Also Katzen gibts bei uns auch ne Menge (haben selbst eine). Auf die Idee, dass die Igel killen, bin ich ja noch gar nicht gekommen. Dachte, dass die Stachelchen schützen....


----------



## Manfred42 (12. Sep. 2007)

*AW: Ich bin traurig!!!*

Hallo Patricia!
Sorry..aber Sven meinte wohl Ka..Ninchen. Sprich: "Karnikkel"
Also davon hat unsere Katze auch schon mehrere angeschleppt.

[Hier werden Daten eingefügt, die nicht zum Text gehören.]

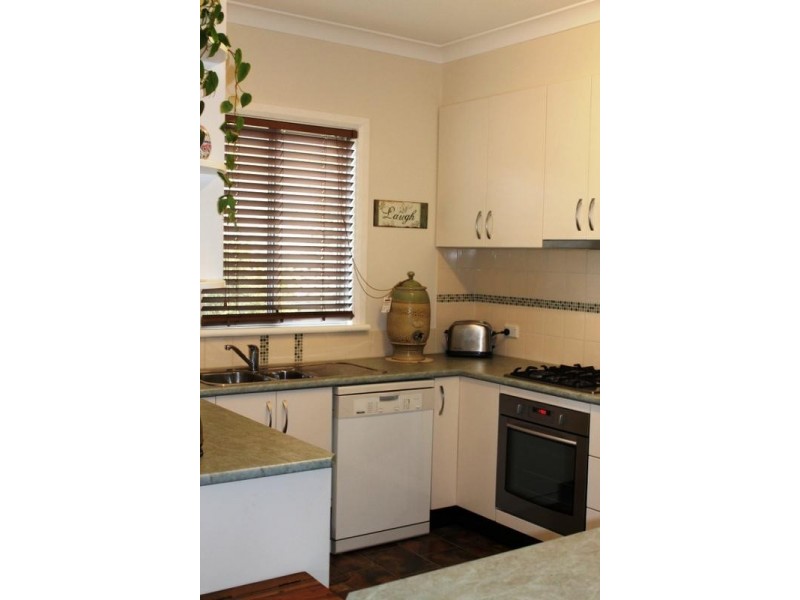 6 SHAMBROOK AVE, Armidale NSW 2350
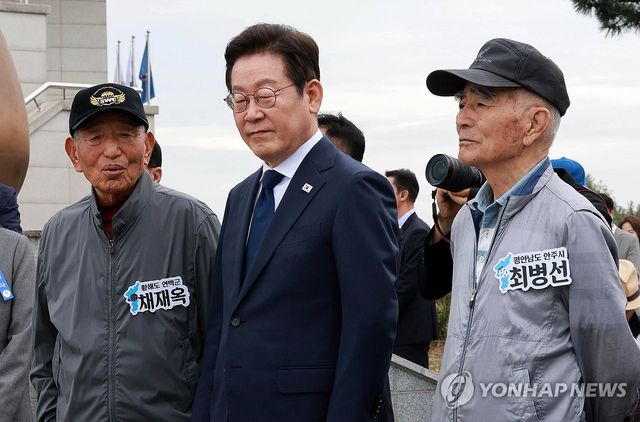 실향민 가족과 북녘 바라보는 이재명 대통령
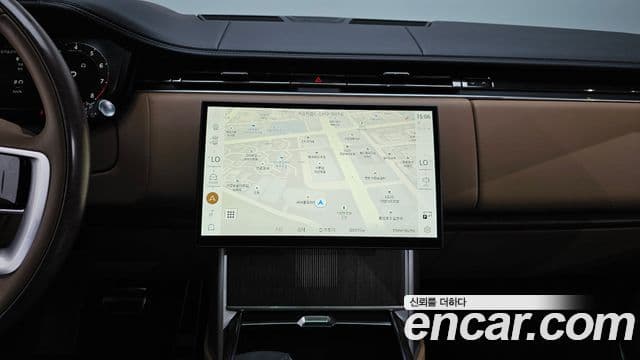 Land Rover Range Rover 2025 — Photo 40/42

Für ihre 4 Jungen.
Aber Karnikkel gib's ja dies Jahr wie Sand am Meer.
An Igeln gehn Katzen nicht ran..keine Sorge.

Gruß  Manfred


----------



## geecebird (12. Sep. 2007)

*AW: Ich bin traurig!!!*

) ja, die meinte ich *lach*

Sicher gibt es viele, aber die sind auch soooooo süß ;o)


----------



## Patricia (12. Sep. 2007)

*AW: Ich bin traurig!!!*

Huch, ja nee is klar, Kaninchen sind gemeint...naja, bin wohl immer noch ein wenig durcheinander:crazy: 

Viele Grüße
Patricia


----------